Fluoride sind nicht gleichwertig ersetzbar
Immer wieder kursieren in den Medien Beiträge, die die vermeintliche Gefahr von Fluorid heraufbeschwören. Dabei empfehlen Leitlinien zur Kariesprophylaxe – wie die S2k-Leitlinie „Kariesprophylaxe bei bleibenden Zähnen“ – ausdrücklich den Einsatz unterschiedlicher Fluoridierungsmaßnahmen zum Erhalt der Zähne.
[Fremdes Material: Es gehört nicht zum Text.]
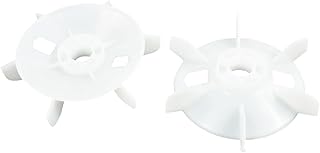 Aexit 2Pcs Y80-4.6 Electrical equipment 19mm Inner Dia 6 Vanes Impeller White Plastic Motor Fan Vanes Wheel for 0.75KW Motor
Doch insbesondere die Bewerbung von möglichen Fluoridalternativen in Zahnpasten scheint die Bevölkerung – und zum Teil sogar Fachkreise – zunehmend zu verunsichern. „Zur Verifizierung entstand die Idee einer Umfrage unter Deutschlands Hochschullehrerinnen und Hochschullehrern der Zahnmedizin“, schreiben die Autorinnen und Autoren. „Herausgekommen ist eine Momentaufnahme der neuesten wissenschaftlichen Bewertung von Fluoriden als Wirkstoff in der Kariesprophylaxe.“
Um möglichst aussagekräftige Antworten zu erhalten, versandte die IfK eine Einladung zur Umfrage an 98 Lehrstuhlinhaberinnen und -inhaber, Professorinnen und Professoren sowie Privatdozentinnen und -dozenten, die in Deutschland an den 30 zahnmedizinischen universitären Einrichtungen lehren und forschen. Die Online-Umfrage wurde am 18. Juli 2023 auf der Plattform SoSci Survey gestartet und am 15. September 2023 abgeschlossen, 40 Expertinnen und Experten nahmen teil.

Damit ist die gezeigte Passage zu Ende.